FXI VS EWZ
3 min read
By Beqa Bumbeishvili, ETF Insider

FXI VS EWZ

Exchange-Traded Funds (ETFs) have revolutionized the investment world, offering investors diversified exposure to various sectors and asset classes. In this article, we will conduct a thorough comparison between two prominent ETFs: FXI (iShares China Large-Cap ETF) and EWZ (iShares MSCI Brazil ETF). We'll delve into key aspects including ETF tickers, full names, issuers, sectors, top holdings, capitalization, strategy, tracking, and exposure.

FXI Vs EWZ: Overview

FXI and EWZ are both ETFs that offer exposure to different emerging markets—China and Brazil, respectively. FXI focuses on China's largest publicly traded companies, while EWZ tracks the performance of Brazilian stocks. Understanding the differences in these ETFs' target regions can help investors make informed decisions about their portfolio allocations.

FXI Vs EWZ: Sectors and Top Holdings

FXI's portfolio primarily consists of companies from sectors like technology, financials, and consumer discretionary. On the other hand, EWZ's holdings are concentrated in sectors such as financials, materials, and energy. Examining the sectors and top holdings provides insight into the industries each ETF is exposed to, aiding investors in assessing potential risks and rewards.

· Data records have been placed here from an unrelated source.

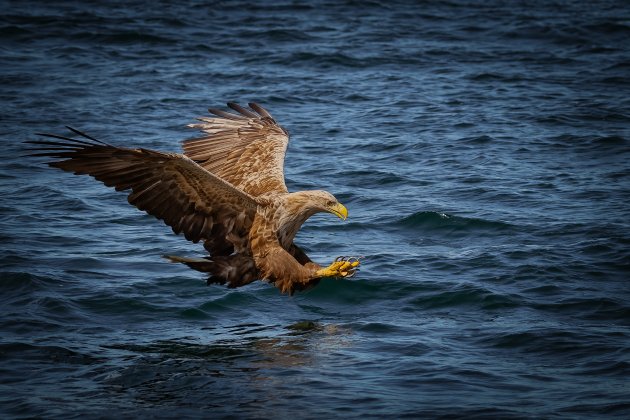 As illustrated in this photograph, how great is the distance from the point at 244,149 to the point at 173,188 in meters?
1.79

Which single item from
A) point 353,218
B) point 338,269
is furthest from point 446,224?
point 338,269

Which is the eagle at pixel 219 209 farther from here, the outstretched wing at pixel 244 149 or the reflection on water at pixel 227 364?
the reflection on water at pixel 227 364

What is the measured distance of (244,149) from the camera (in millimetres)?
9242

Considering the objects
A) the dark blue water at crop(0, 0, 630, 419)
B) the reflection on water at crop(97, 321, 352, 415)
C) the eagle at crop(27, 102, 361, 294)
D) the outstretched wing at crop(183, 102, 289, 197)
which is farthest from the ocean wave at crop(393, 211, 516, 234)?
the reflection on water at crop(97, 321, 352, 415)

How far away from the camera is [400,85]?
15.9 metres

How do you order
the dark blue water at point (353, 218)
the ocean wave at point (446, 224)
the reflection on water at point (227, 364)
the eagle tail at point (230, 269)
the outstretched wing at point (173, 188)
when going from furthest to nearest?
the ocean wave at point (446, 224) → the eagle tail at point (230, 269) → the outstretched wing at point (173, 188) → the dark blue water at point (353, 218) → the reflection on water at point (227, 364)

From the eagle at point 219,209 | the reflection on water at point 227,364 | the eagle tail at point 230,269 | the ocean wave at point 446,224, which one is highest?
the eagle at point 219,209

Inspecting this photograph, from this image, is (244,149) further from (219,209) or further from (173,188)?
(173,188)

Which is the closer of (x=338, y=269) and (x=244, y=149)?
(x=338, y=269)

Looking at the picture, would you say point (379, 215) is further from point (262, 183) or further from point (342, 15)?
point (342, 15)

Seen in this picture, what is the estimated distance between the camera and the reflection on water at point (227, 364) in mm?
6797

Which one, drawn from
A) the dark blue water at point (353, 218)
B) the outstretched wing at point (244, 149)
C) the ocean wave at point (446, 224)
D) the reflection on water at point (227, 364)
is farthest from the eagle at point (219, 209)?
the ocean wave at point (446, 224)

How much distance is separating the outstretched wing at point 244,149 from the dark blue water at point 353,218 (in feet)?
3.26

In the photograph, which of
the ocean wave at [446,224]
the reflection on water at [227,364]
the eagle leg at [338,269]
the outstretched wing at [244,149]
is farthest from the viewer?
the ocean wave at [446,224] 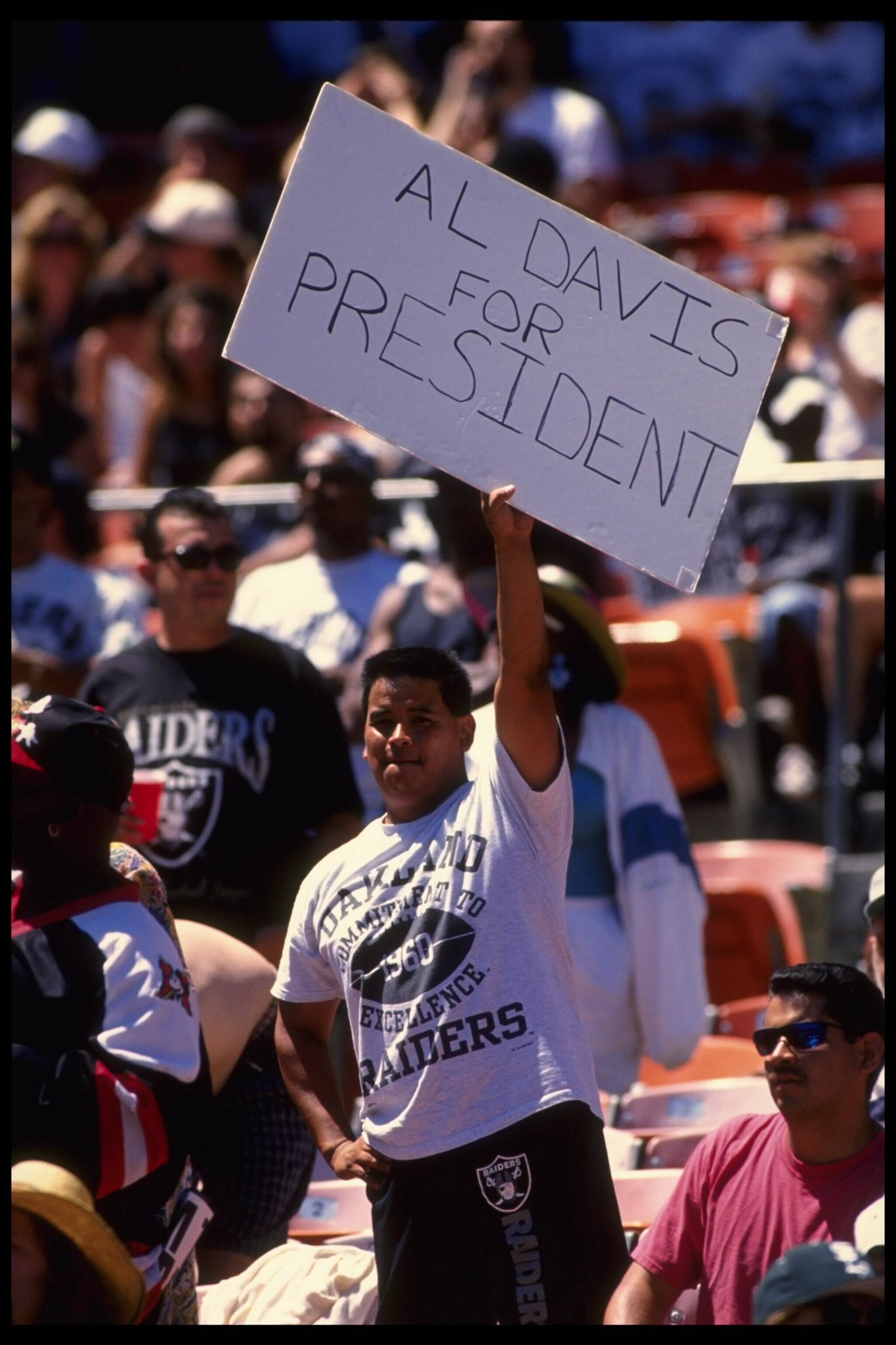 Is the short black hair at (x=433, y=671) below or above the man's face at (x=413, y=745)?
above

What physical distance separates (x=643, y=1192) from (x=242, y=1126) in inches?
31.8

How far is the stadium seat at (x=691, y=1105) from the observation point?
468 centimetres

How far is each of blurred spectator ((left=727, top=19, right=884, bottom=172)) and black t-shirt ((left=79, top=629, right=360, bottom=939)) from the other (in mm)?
7239

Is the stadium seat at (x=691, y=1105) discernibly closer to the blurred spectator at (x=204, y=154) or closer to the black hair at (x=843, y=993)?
the black hair at (x=843, y=993)

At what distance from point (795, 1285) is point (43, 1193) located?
1083 mm

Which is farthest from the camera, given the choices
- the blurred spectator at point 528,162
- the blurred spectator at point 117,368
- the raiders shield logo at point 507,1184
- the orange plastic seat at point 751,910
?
the blurred spectator at point 117,368

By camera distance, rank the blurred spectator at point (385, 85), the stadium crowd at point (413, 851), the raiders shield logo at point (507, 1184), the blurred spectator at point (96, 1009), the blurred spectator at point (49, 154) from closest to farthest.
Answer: the blurred spectator at point (96, 1009) < the stadium crowd at point (413, 851) < the raiders shield logo at point (507, 1184) < the blurred spectator at point (385, 85) < the blurred spectator at point (49, 154)

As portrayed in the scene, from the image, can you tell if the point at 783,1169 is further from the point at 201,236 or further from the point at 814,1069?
the point at 201,236

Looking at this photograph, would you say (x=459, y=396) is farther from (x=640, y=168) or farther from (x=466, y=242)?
(x=640, y=168)

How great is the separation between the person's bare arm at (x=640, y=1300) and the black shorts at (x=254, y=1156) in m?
0.82

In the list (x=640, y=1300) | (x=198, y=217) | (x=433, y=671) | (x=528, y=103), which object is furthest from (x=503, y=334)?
(x=528, y=103)

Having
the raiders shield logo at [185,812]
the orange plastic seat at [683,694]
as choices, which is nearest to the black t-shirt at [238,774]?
the raiders shield logo at [185,812]

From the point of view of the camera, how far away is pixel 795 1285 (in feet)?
Result: 9.75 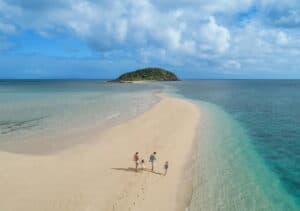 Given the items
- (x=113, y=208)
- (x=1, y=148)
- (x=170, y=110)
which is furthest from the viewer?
(x=170, y=110)

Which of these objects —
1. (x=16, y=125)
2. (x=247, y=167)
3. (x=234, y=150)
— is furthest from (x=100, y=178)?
(x=16, y=125)

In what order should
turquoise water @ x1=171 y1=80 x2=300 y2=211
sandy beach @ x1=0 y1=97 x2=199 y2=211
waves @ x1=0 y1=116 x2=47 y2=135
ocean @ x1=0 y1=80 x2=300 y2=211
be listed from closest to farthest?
sandy beach @ x1=0 y1=97 x2=199 y2=211 < turquoise water @ x1=171 y1=80 x2=300 y2=211 < ocean @ x1=0 y1=80 x2=300 y2=211 < waves @ x1=0 y1=116 x2=47 y2=135

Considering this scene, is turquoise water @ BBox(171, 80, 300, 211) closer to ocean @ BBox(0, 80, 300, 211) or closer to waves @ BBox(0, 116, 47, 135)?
ocean @ BBox(0, 80, 300, 211)

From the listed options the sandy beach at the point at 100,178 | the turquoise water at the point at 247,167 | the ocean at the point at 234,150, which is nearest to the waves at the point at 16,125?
the ocean at the point at 234,150

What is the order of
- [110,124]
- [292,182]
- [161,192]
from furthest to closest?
[110,124], [292,182], [161,192]

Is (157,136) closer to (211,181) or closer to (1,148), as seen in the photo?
(211,181)

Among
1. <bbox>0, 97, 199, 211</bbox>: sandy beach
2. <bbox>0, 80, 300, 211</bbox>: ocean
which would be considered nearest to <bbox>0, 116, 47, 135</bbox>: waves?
<bbox>0, 80, 300, 211</bbox>: ocean

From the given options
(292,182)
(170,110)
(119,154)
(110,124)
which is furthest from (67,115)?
(292,182)

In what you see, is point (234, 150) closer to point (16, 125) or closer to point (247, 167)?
point (247, 167) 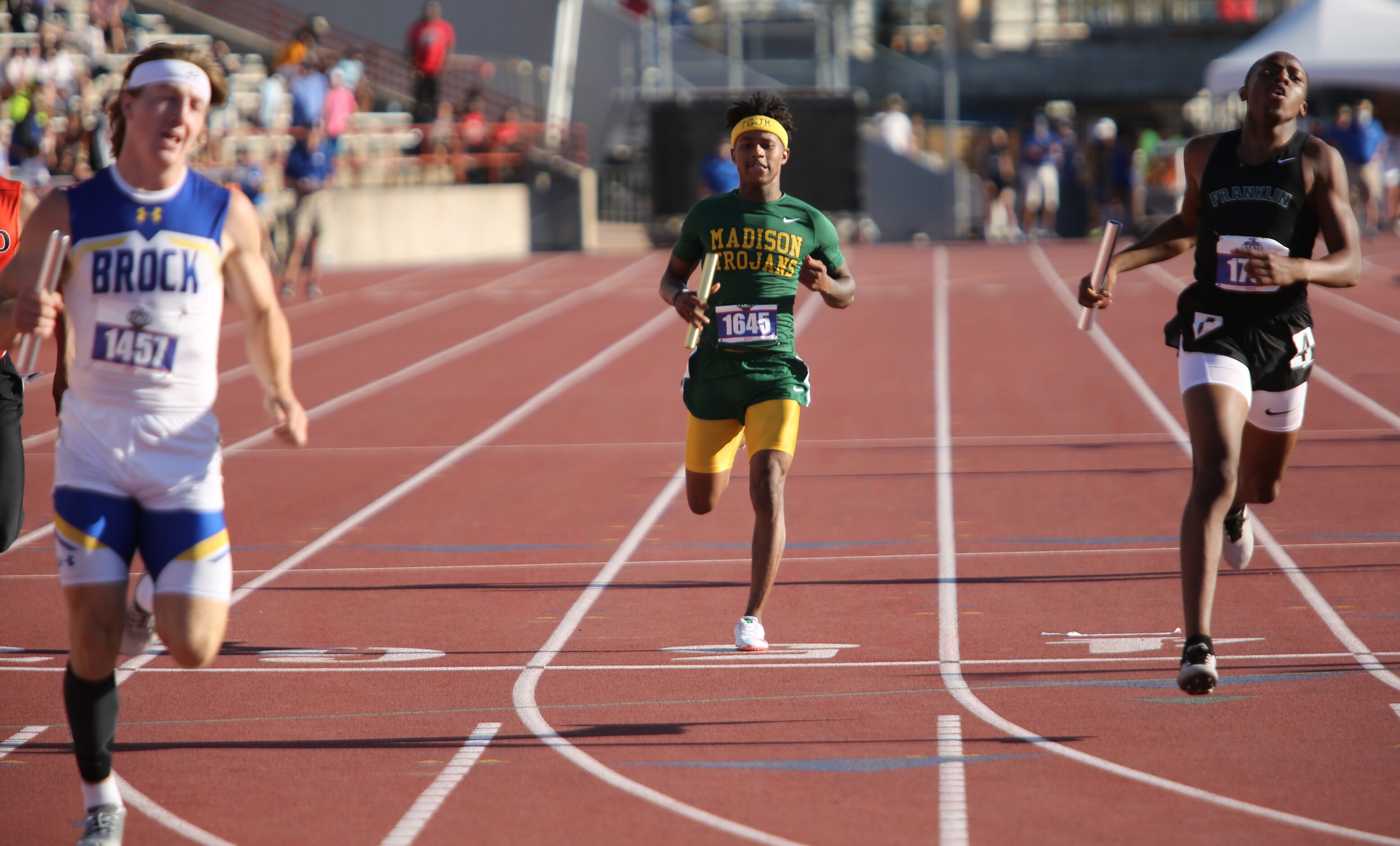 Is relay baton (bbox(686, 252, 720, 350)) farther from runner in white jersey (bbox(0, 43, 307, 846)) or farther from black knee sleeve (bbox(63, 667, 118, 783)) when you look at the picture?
black knee sleeve (bbox(63, 667, 118, 783))

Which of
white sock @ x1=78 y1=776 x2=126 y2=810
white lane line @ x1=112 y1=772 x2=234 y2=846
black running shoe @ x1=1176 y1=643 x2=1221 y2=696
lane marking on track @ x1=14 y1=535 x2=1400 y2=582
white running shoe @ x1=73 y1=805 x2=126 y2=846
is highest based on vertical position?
black running shoe @ x1=1176 y1=643 x2=1221 y2=696

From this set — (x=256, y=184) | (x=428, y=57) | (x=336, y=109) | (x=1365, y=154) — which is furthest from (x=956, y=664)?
(x=428, y=57)

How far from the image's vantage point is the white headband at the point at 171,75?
415cm

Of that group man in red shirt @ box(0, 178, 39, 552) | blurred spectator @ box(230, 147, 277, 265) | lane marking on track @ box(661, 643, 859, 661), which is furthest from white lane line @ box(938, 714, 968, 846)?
blurred spectator @ box(230, 147, 277, 265)

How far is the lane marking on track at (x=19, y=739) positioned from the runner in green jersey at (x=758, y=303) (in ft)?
7.79

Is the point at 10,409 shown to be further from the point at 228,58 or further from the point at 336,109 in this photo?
the point at 228,58

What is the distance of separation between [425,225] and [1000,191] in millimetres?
9280

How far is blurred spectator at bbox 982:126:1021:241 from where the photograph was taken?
2720 cm

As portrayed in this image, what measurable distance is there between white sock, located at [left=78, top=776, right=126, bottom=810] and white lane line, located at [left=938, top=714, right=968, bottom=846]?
2.03 meters

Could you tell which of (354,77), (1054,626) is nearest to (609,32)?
(354,77)

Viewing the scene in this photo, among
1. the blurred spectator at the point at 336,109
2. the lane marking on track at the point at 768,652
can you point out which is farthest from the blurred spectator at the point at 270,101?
the lane marking on track at the point at 768,652

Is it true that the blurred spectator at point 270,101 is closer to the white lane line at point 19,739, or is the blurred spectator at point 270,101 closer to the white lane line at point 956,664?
the white lane line at point 956,664

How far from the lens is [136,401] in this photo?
4.11 meters

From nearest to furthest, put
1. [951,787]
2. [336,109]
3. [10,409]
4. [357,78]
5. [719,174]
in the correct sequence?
[951,787] → [10,409] → [719,174] → [336,109] → [357,78] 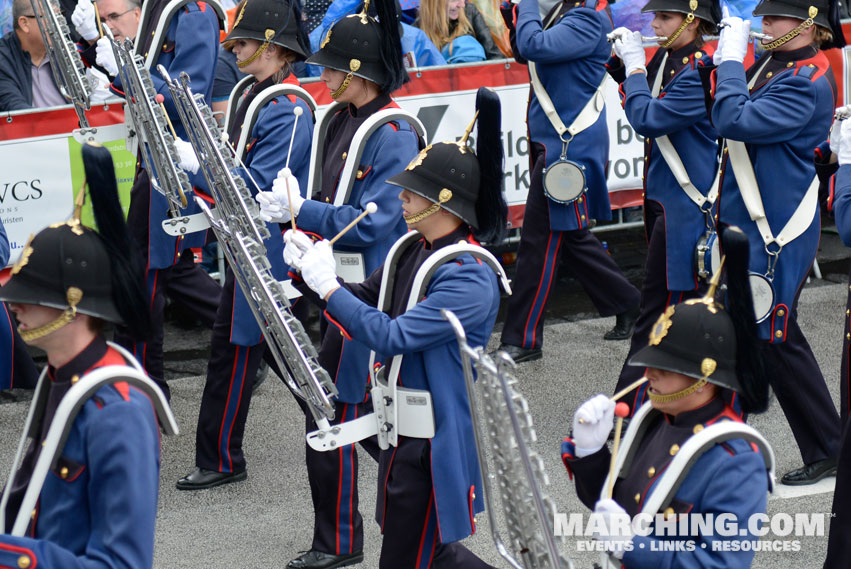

FXI  overlap FXI VS EWZFXI overlap FXI VS EWZ

FXI Vs EWZ: Capitalization and Strategy

FXI boasts a substantial asset under management (AUM) due to its focus on China's large-cap companies. In contrast, EWZ is designed to capture the performance of the Brazilian equity market. The difference in capitalization and strategy between these ETFs can influence their potential for growth and the level of risk associated with them.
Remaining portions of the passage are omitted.